Not quite. Those with CAIS develop with fully female exteriors BUT STILL HAVE TESTES instead of ovaries. In addition, they will not have uteruses, and their vaginas end in blind pouches.

ambro
05-31-2006, 04:50 PM
How is it possible to get the XYY chromosome structure?

sandiegotennisboy
05-31-2006, 05:51 PM
its easier to dig a hole than build a pole.

totally has nothing to do with this thread....something that just came to mind while i was reading the responses

kv581
05-31-2006, 06:01 PM
How is it possible to get the XYY chromosome structure?
Through an error in separation of chromosomes during either meiosis I or II.

dh003i
05-31-2006, 08:02 PM
It should be up to the private organizations -- that is, private property owners -- to decide whether or not they can play, not government regulation.

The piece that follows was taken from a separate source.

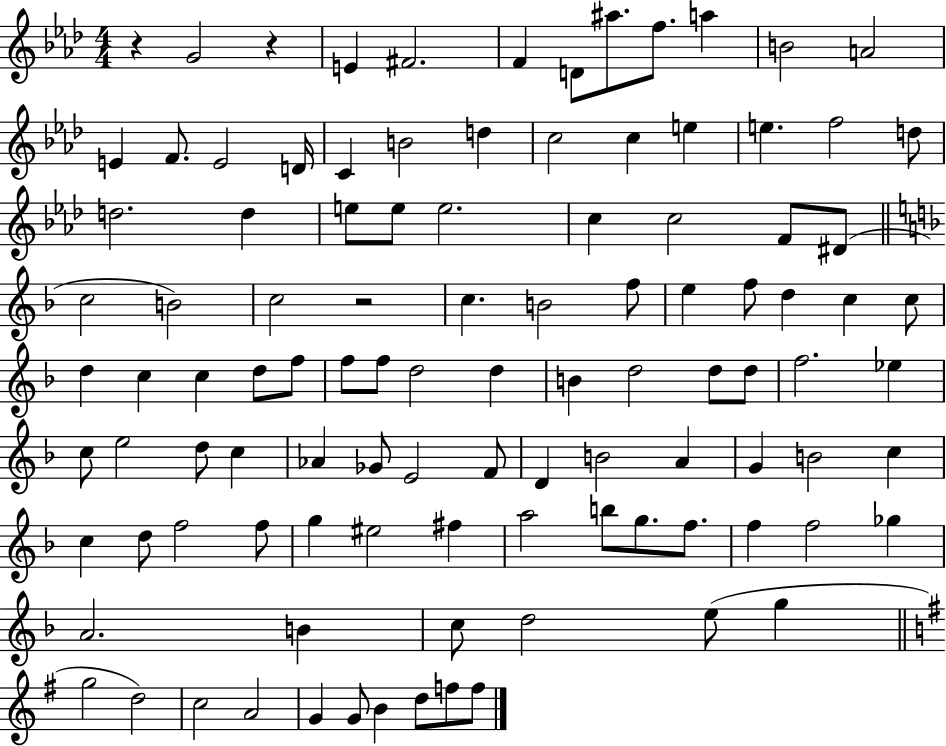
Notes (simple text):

R/q G4/h R/q E4/q F#4/h. F4/q D4/e A#5/e. F5/e. A5/q B4/h A4/h E4/q F4/e. E4/h D4/s C4/q B4/h D5/q C5/h C5/q E5/q E5/q. F5/h D5/e D5/h. D5/q E5/e E5/e E5/h. C5/q C5/h F4/e D#4/e C5/h B4/h C5/h R/h C5/q. B4/h F5/e E5/q F5/e D5/q C5/q C5/e D5/q C5/q C5/q D5/e F5/e F5/e F5/e D5/h D5/q B4/q D5/h D5/e D5/e F5/h. Eb5/q C5/e E5/h D5/e C5/q Ab4/q Gb4/e E4/h F4/e D4/q B4/h A4/q G4/q B4/h C5/q C5/q D5/e F5/h F5/e G5/q EIS5/h F#5/q A5/h B5/e G5/e. F5/e. F5/q F5/h Gb5/q A4/h. B4/q C5/e D5/h E5/e G5/q G5/h D5/h C5/h A4/h G4/q G4/e B4/q D5/e F5/e F5/e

People these days have a total lack of respect for freedom of association and property rights.

chess9
05-31-2006, 10:36 PM
Thanks for all the responses. I'm in England, so I've been sleeping through all of this. :)

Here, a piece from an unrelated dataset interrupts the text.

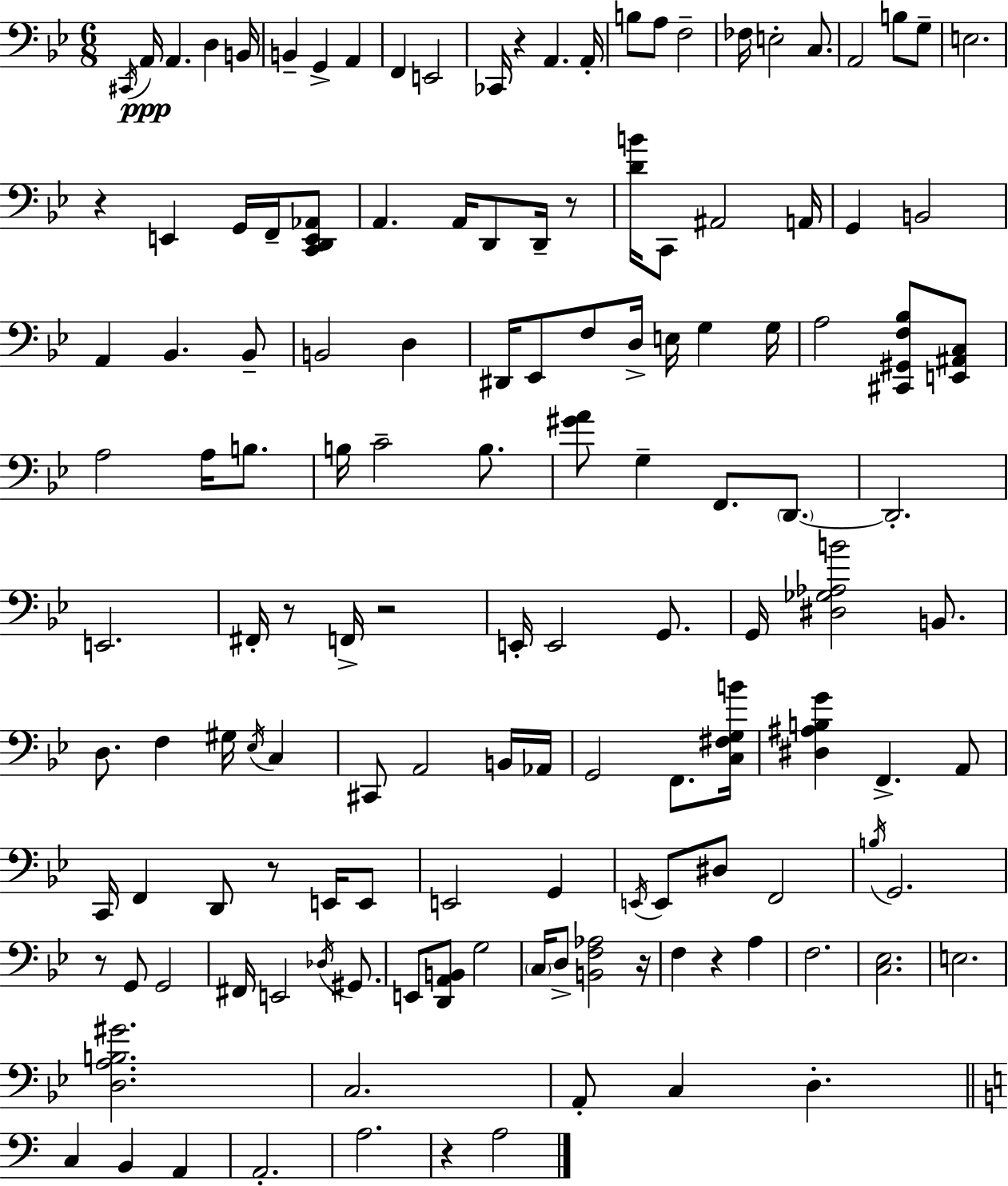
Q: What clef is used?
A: bass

Anyway, I think the woman who asked me this indelicate question was objecting to men playing against women players. If I understand her objection correctly, and the responses here, and from what I've read, a "woman" with XY chromosome abnormality may still have normal testosterone levels and thus not have an hormonal advantage against women. However, none of the posters here have addressed the hormonal issues. I'm guessing this is a gray area, and, fortunately, a fairly rare gray area.

-Robert

North
06-01-2006, 03:34 AM
Anyway, I think the woman who asked me this indelicate question was objecting to men playing against women players. If I understand her objection correctly, and the responses here, and from what I've read, a "woman" with XY chromosome abnormality may still have normal testosterone levels and thus not have an hormonal advantage against women. However, none of the posters here have addressed the hormonal issues. I'm guessing this is a gray area, and, fortunately, a fairly rare gray area.

-Robert

It's actually not that rare. The reference I posted from Texas noted the fact that the condition (AIS) is probably more common than generally realized. It's not really the amount of testosterone functionally at issue but, rather, the body's ability to respond to it. Even though there may be varying degrees of lack of response to testosterone in terms of development (ie: partial AIS), no one with AIS fully responds - by definition there is always some degree of insensitivity to the androgens.